====== Dataset records ======

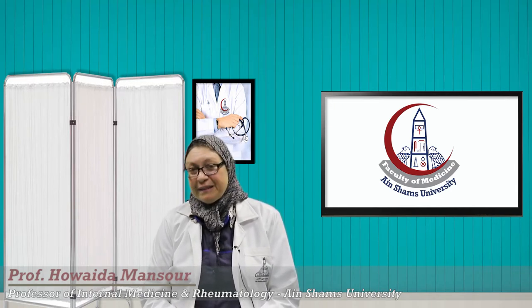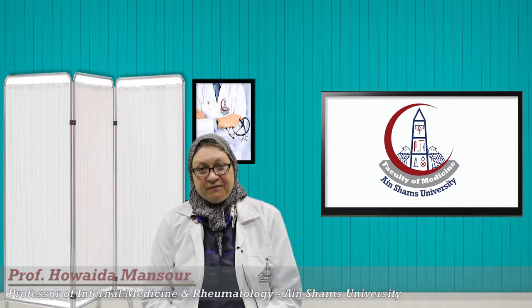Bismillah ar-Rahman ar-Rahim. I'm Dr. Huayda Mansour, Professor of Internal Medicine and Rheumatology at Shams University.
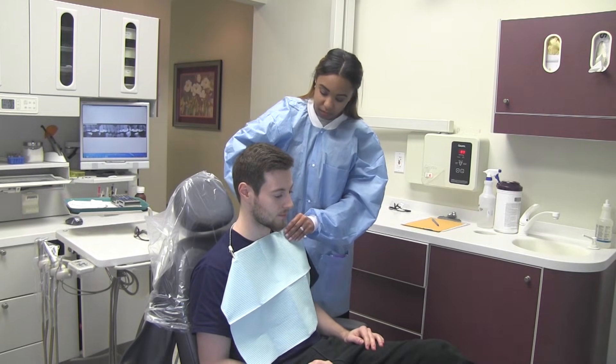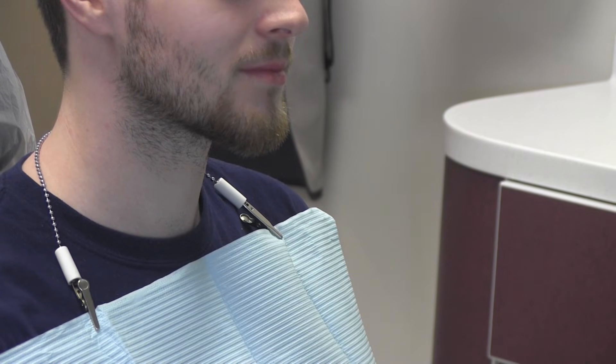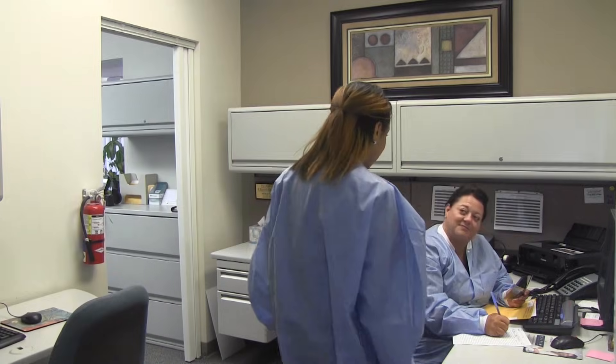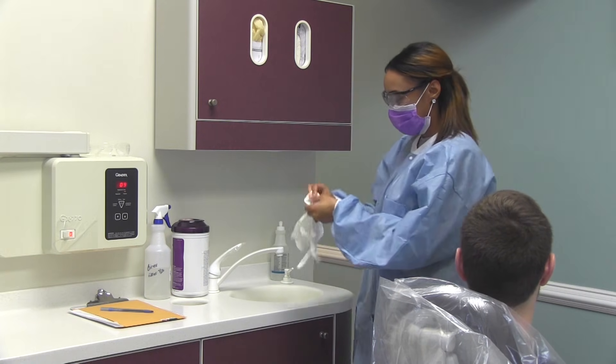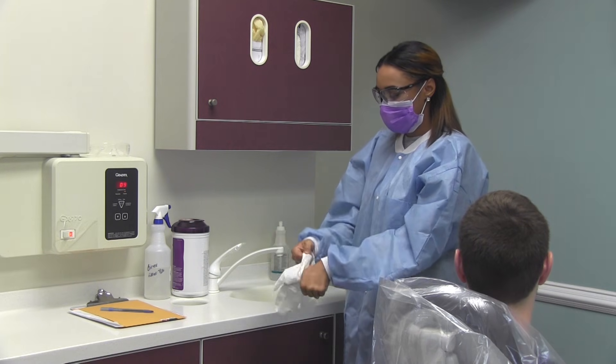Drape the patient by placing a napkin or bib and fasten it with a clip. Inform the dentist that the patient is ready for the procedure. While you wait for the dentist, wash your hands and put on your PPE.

======
====== Dataset records ======

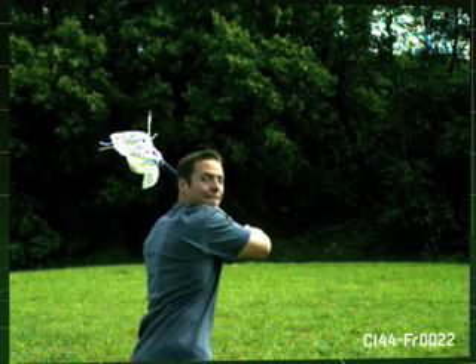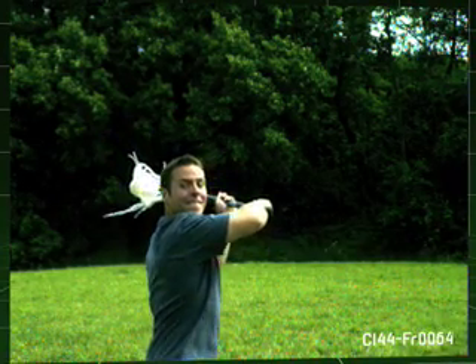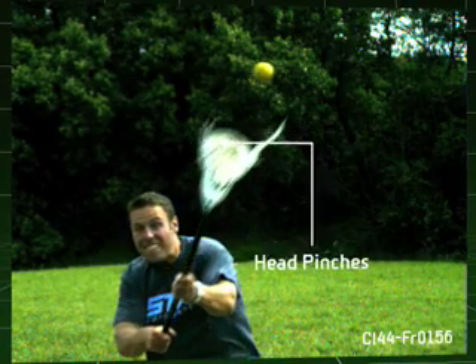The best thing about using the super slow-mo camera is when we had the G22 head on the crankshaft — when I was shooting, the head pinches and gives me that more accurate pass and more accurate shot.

======

Reproduce, word for word, only the lines in the records above from the line with "Bismillah ar-Rahman ar-Rahim." through the line with "Drape the patient", including both ends; omit the pictures.

Bismillah ar-Rahman ar-Rahim. I'm Dr. Huayda Mansour, Professor of Internal Medicine and Rheumatology at Shams University.
Drape the patient by placing a napkin or bib and fasten it with a clip. Inform the dentist that the patient is ready for the procedure. While you wait for the dentist, wash your hands and put on your PPE.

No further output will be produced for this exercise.